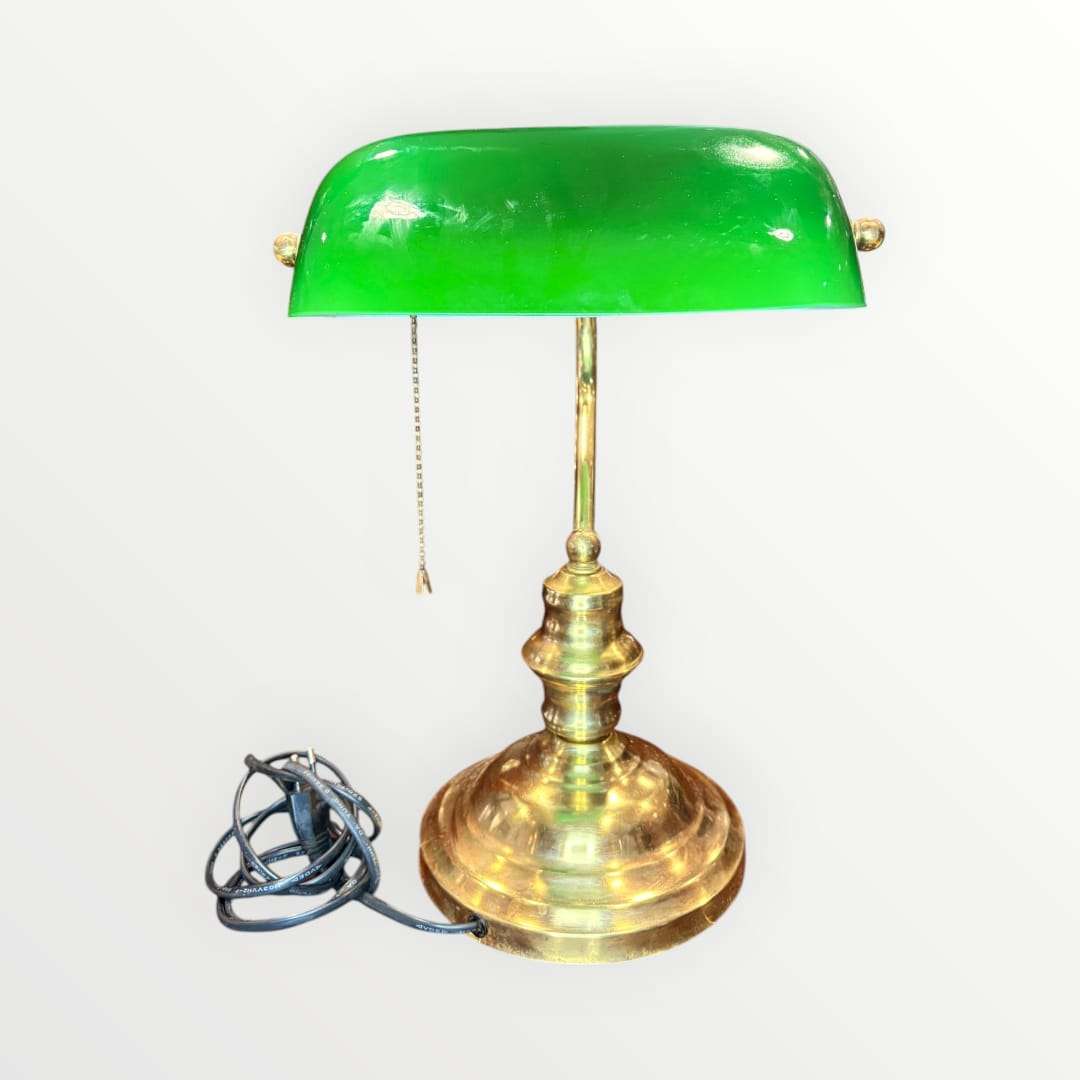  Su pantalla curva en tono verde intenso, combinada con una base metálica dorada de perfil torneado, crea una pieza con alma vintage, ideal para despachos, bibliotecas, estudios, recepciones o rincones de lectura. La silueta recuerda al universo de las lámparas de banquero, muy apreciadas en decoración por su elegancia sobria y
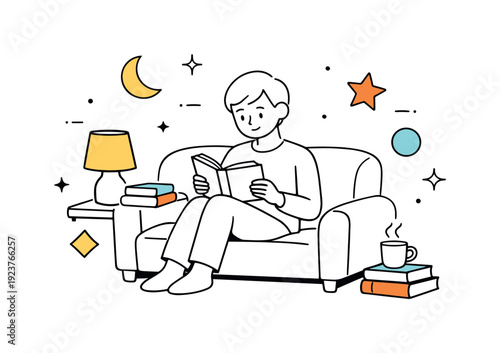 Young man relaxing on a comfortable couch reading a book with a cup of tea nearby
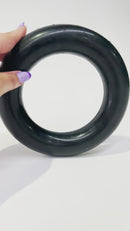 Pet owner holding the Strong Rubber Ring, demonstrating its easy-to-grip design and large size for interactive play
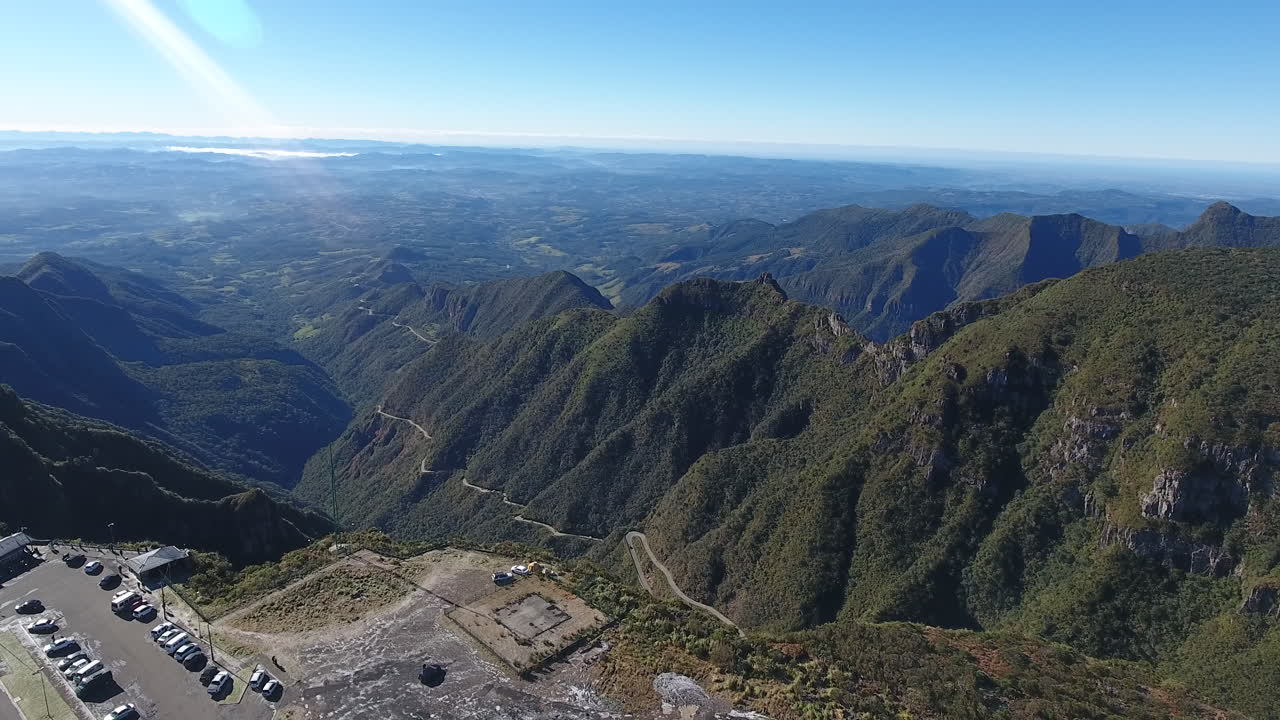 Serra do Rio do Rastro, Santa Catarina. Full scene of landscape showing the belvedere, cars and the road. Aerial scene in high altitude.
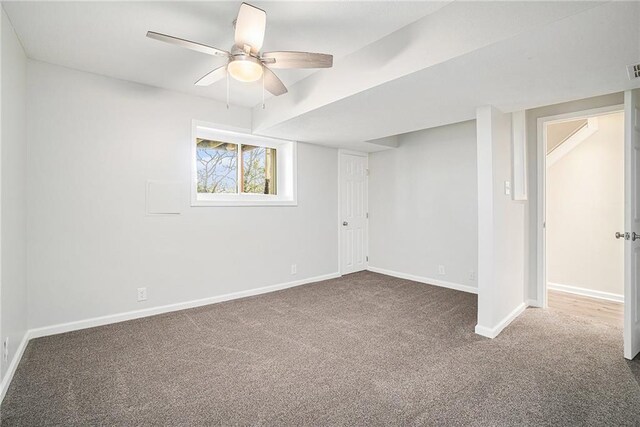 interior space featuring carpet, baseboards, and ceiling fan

- - - - - - -

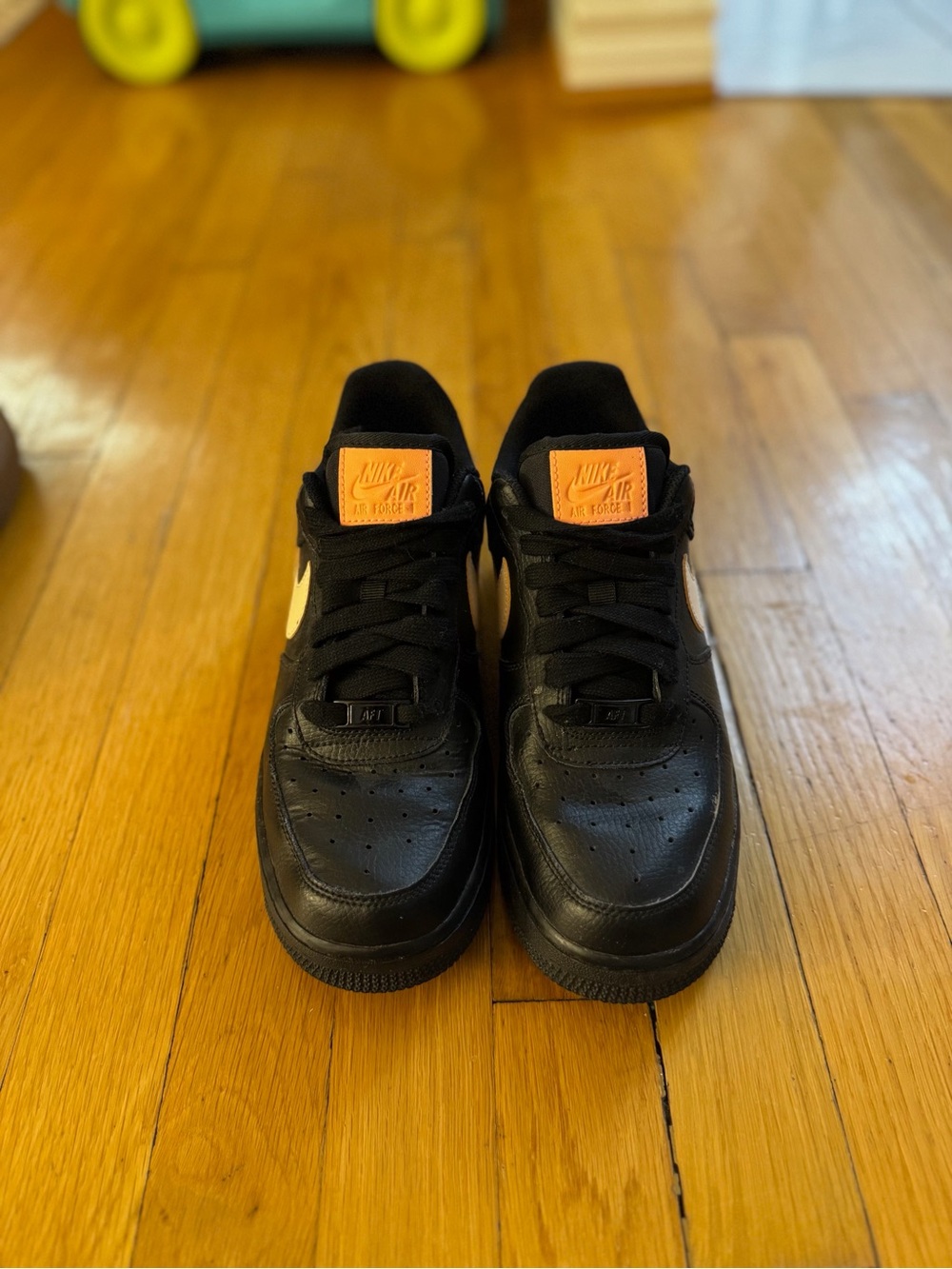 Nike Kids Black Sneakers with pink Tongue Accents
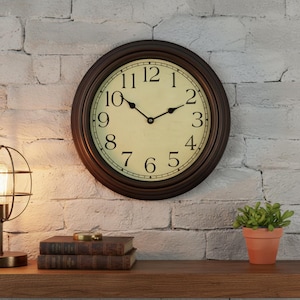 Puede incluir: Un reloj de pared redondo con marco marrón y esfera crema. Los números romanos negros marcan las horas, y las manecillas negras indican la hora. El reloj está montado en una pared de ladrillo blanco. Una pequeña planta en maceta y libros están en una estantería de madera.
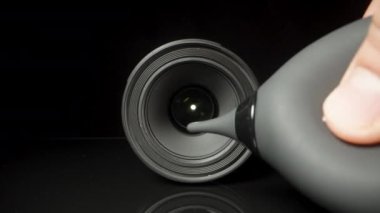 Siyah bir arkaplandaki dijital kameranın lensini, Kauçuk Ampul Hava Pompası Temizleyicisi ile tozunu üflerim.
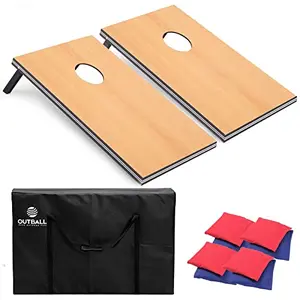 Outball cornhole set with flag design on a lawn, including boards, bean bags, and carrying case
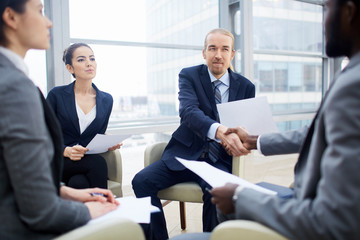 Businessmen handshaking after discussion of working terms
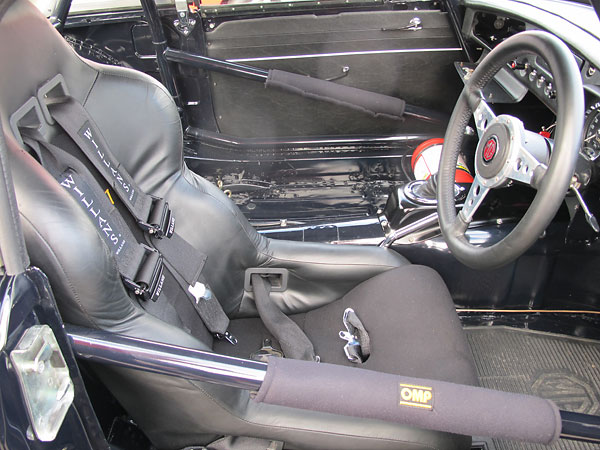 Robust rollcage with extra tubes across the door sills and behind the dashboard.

- - - - - - -

▶ _ABOUT THIS EXERCISE_
Once the line with "Outball cornhole set" is found above, transcribe each line from it through the line with "Robust rollcage with", exactly, and omit the pictures.

▶ _ANSWER SPACE_
 Outball cornhole set with flag design on a lawn, including boards, bean bags, and carrying case
 Businessmen handshaking after discussion of working terms
 Robust rollcage with extra tubes across the door sills and behind the dashboard.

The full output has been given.